ONNX (Open Neural Network Exchange) is an open format that makes models portable across frameworks and runtimes:
- Train in PyTorch → deploy in C++, TensorFlow, CoreML, or TensorRT
- ONNX Runtime (ORT) is often faster than vanilla PyTorch on CPU
- TensorRT converts ONNX to GPU-optimized engines
Export Mechanics
import torch
model = MyModel()
model.eval()
dummy_input = torch.randn(1, 3, 224, 224)
torch.onnx.export(
model,
dummy_input,
"model.onnx",
input_names=["image"],
output_names=["logits"],
dynamic_axes={
"image": {0: "batch_size"}, # batch dim is dynamic
"logits": {0: "batch_size"},
},
opset_version=17,
do_constant_folding=True, # fuse constant ops
)
Graph Validation
import onnx
model_proto = onnx.load("model.onnx")
onnx.checker.check_model(model_proto) # raises exception if invalid
print(onnx.helper.printable_graph(model_proto.graph))

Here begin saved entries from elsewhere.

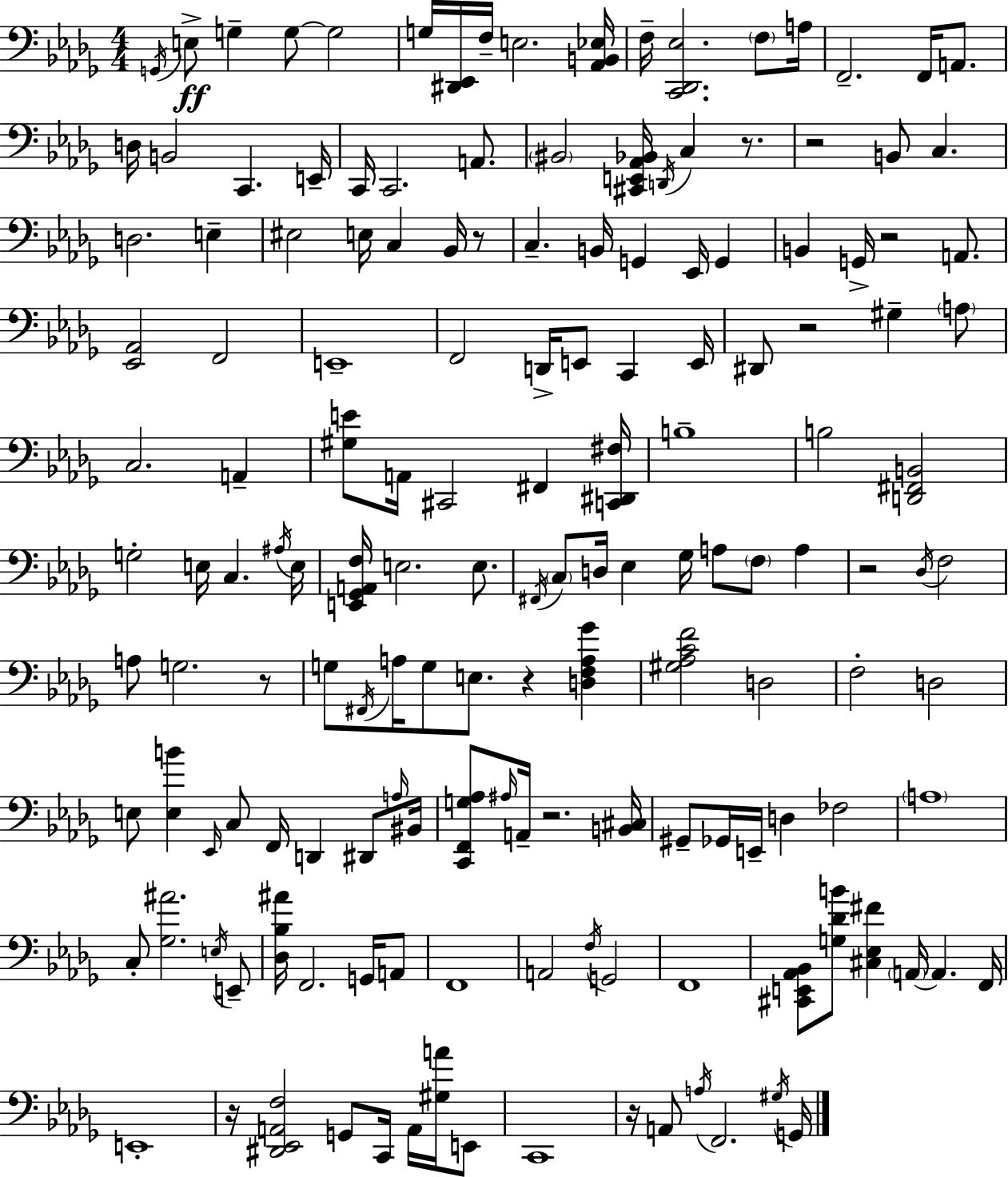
{
  \clef bass
  \numericTimeSignature
  \time 4/4
  \key bes \minor
  \acciaccatura { g,16 }\ff e8-> g4-- g8~~ g2 | g16 <dis, ees,>16 f16-- e2. | <aes, b, ees>16 f16-- <c, des, ees>2. \parenthesize f8 | a16 f,2.-- f,16 a,8. | \break d16 b,2 c,4. | e,16-- c,16 c,2. a,8. | \parenthesize bis,2 <cis, e, aes, bes,>16 \acciaccatura { d,16 } c4 r8. | r2 b,8 c4. | \break d2. e4-- | eis2 e16 c4 bes,16 | r8 c4.-- b,16 g,4 ees,16 g,4 | b,4 g,16-> r2 a,8. | \break <ees, aes,>2 f,2 | e,1-- | f,2 d,16-> e,8 c,4 | e,16 dis,8 r2 gis4-- | \break \parenthesize a8 c2. a,4-- | <gis e'>8 a,16 cis,2 fis,4 | <c, dis, fis>16 b1-- | b2 <d, fis, b,>2 | \break g2-. e16 c4. | \acciaccatura { ais16 } e16 <e, ges, a, f>16 e2. | e8. \acciaccatura { fis,16 } \parenthesize c8 d16 ees4 ges16 a8 \parenthesize f8 | a4 r2 \acciaccatura { des16 } f2 | \break a8 g2. | r8 g8 \acciaccatura { fis,16 } a16 g8 e8. r4 | <d f a ges'>4 <gis aes c' f'>2 d2 | f2-. d2 | \break e8 <e b'>4 \grace { ees,16 } c8 f,16 | d,4 dis,8 \grace { a16 } bis,16 <c, f, g aes>8 \grace { ais16 } a,16-- r2. | <b, cis>16 gis,8-- ges,16 e,16-- d4 | fes2 \parenthesize a1 | \break c8-. <ges ais'>2. | \acciaccatura { e16 } e,8-- <des bes ais'>16 f,2. | g,16 a,8 f,1 | a,2 | \break \acciaccatura { f16 } g,2 f,1 | <cis, e, aes, bes,>8 <g des' b'>8 <cis ees fis'>4 | \parenthesize a,16~~ a,4. f,16 e,1-. | r16 <dis, ees, a, f>2 | \break g,8 c,16 a,16 <gis a'>16 e,8 c,1 | r16 a,8 \acciaccatura { a16 } f,2. | \acciaccatura { gis16 } g,16 \bar "|."
}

Inference with ONNX Runtime
import onnxruntime as ort
import numpy as np
sess = ort.InferenceSession("model.onnx",
providers=["CUDAExecutionProvider", "CPUExecutionProvider"])

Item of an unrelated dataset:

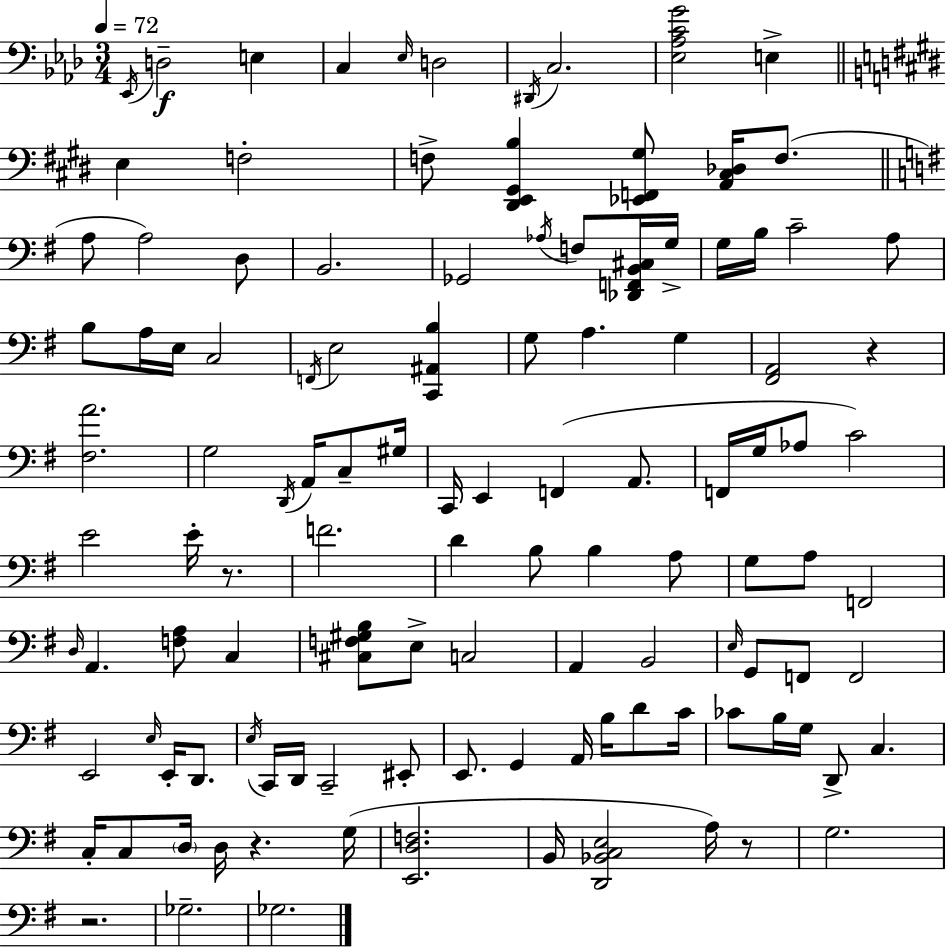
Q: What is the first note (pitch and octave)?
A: Eb2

# CUDAExecutionProvider uses GPU if available, falls back to CPU
inp = np.random.randn(1, 3, 224, 224).astype(np.float32)
outputs = sess.run(None, {"image": inp})
print(outputs[0].shape)
FP16 Quantization with ONNX Runtime
from onnxruntime.transformers import optimizer
from onnxruntime.quantization import quantize_dynamic, QuantType
# Dynamic INT8 quantization (CPU-only)
quantize_dynamic("model.onnx", "model_int8.onnx",
weight_type=QuantType.QInt8)
Latency Math
$$\text{Throughput} = \frac{1}{\text{latency_per_batch}} \times \text{batch_size}$$
For a model with 10ms latency at batch=1:
- FP32: 10ms → 100 fps
- FP16: ~5ms → 200 fps
- INT8: ~3ms → 333 fps
- TensorRT FP16: ~2ms → 500 fps
Interview Questions
Q: What does do_constant_folding=True do?
A: Pre-computes operations whose inputs are known at export time (e.g., batch norm statistics after folding), removing them from the inference graph.
Q: What's a dynamic axis? When do you need one?
A: A tensor dimension that isn't fixed at export time. Batch size is almost always dynamic. If your model handles variable-length sequences or variable image sizes, those dims must also be dynamic.
Q: What's the difference between FP16 and INT8?
A: FP16 uses 16-bit floating point (range: ~6×10⁻⁵ to 65504). INT8 uses 8-bit integer (range: -128 to 127). INT8 requires calibration data to compute activation ranges; FP16 is lossless for most models. INT8 is ~2× faster than FP16 but risks > 1% accuracy loss without QAT.
Q: When would you use TorchScript instead of ONNX?
A: TorchScript is better when deploying within NVIDIA's ecosystem, when you need Python-free C++ deployment, or when your model has Python control flow (if/else, loops) that ONNX can't represent well.